Again, staying up to date with all of your service needs (including things like regular alignments) can help to avoid some of the common excess wear charges that customers see at the end of their lease.
- Tread depth of ⅛ of an inch or greater
- Tread depth less than ⅛ of an inch
- Tires that are the wrong size or speed rating
- Cut, torn or plugged sidewalls
- Missing spare tire, jack and/or tool kit (if applicable)
- Frame is not or has never been damaged
- Damaged or previously damaged frame
- No modifications other than Toyota approved accessories
- Any modifications, such as suspension, vehicle color or paint schemes, lettering or graphics, holes in frames, post delivery customizing, power train or fuel system alterations, non-OEM or dealer installed tinted glass, or substandard repair
- No damage to the truck bed, top rails or tailgate
- Damage to the truck bed, top rails and/or tailgate
- Missing tailgate
Complimentary vehicle inspection^
As another resource to help you understand the difference between normal and excessive use, you may want to consider a complimentary vehicle inspection with our vendor, although you can also review the vehicle on your own.
Between 45 to 60 days before your lease ends, AutoVIN, our authorized inspection service provider, will contact you to schedule and conduct a complimentary and comprehensive vehicle inspection.

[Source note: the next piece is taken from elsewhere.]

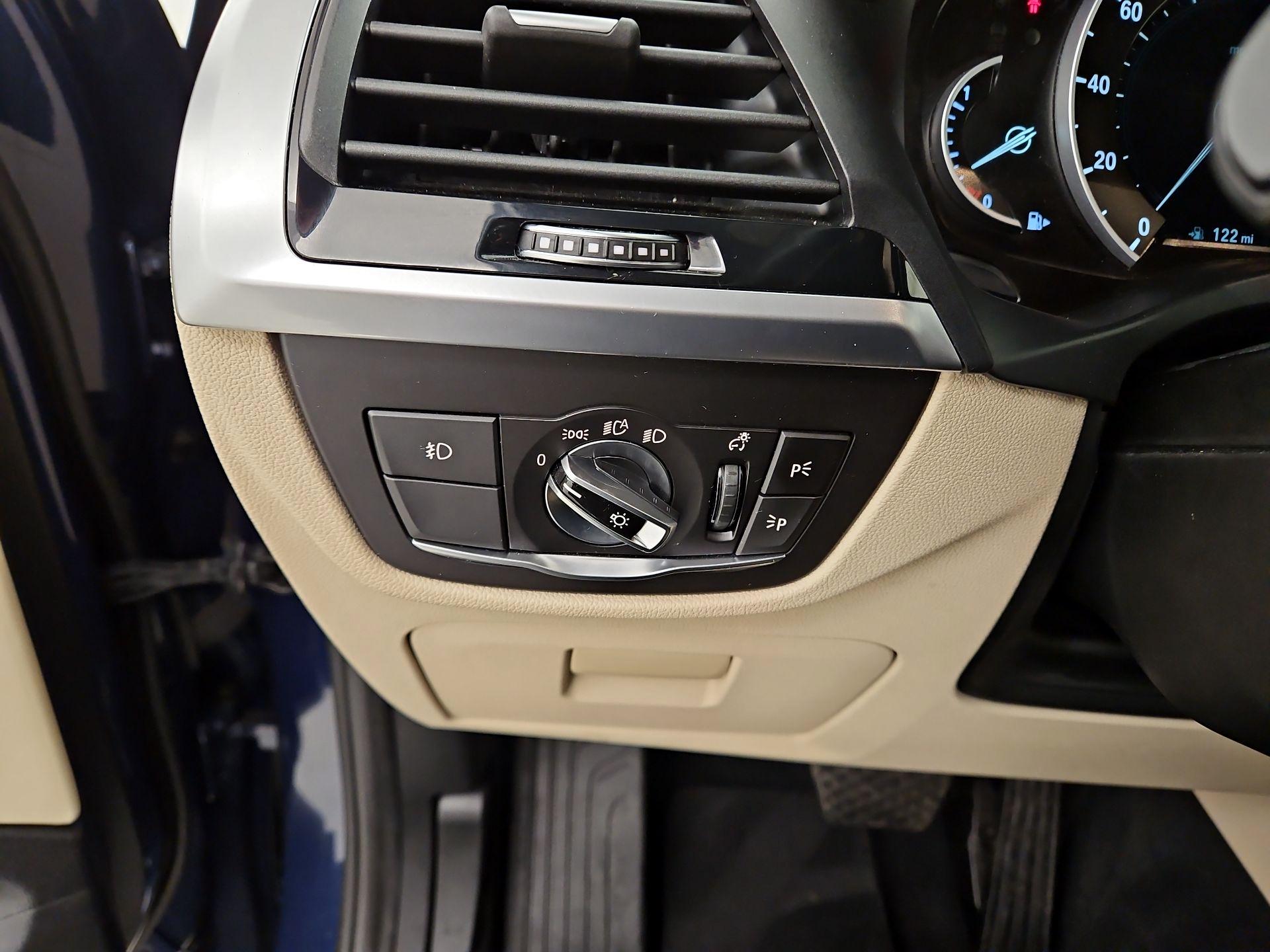 Thumbnail: 2018 BMW X3 - 13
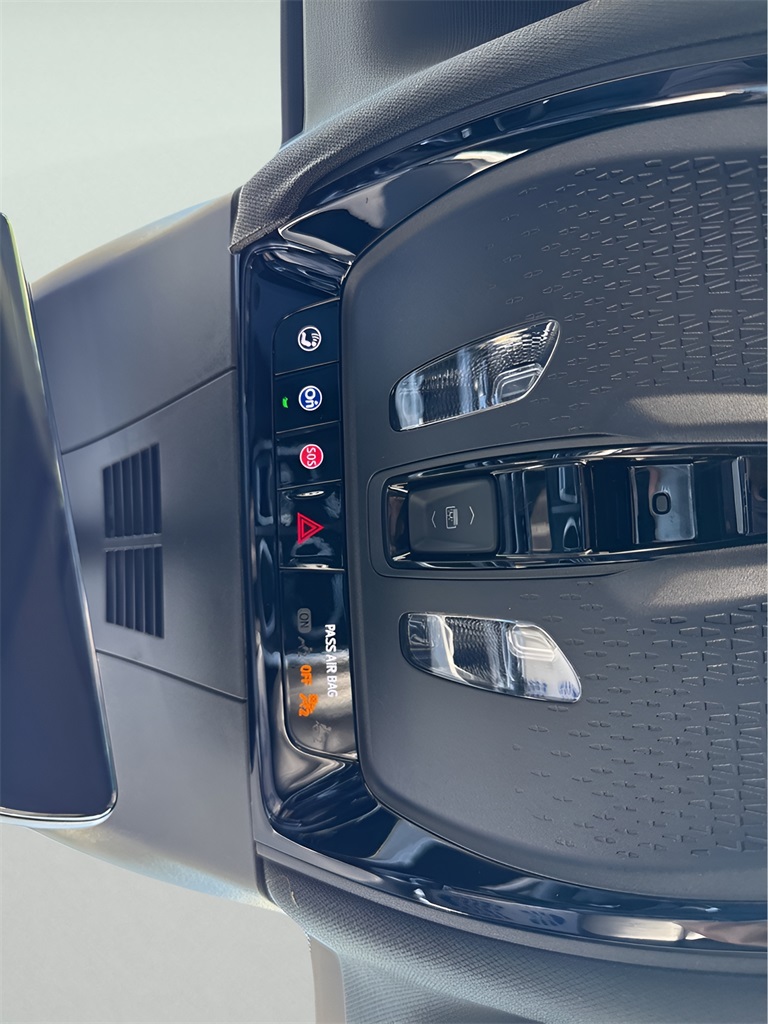 2024 Cadillac LYRIQ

You could even schedule your inspection by calling 1-800-556-2811. Before your inspection, we recommend giving your vehicle an exterior wash, detailed interior cleaning, and removing all of your personal belongings in order to present the best curb appeal.
What to do if you have excess wear
Make sure any repairs are completed by a qualified expert, like your Toyota dealership, because this is the best way to make sure repairs are completed the right way (remember that improper repairs are still considered as excess wear). You can also turn in your vehicle “as is” which means that we will charge you for any excess wear in your final invoice. Some excess wear damage may also be covered by your insurance policy, but you want to make sure that you allow plenty of time to file and process a claim; the repairs need to be completed before your lease term is up and the vehicle needs to be returned.
Remember that if your vehicle inspection shows numerous items that will be charged as excess wear, you also have the option to purchase your vehicle at the end of your lease instead of paying for the damage: learn more about your lease-end options.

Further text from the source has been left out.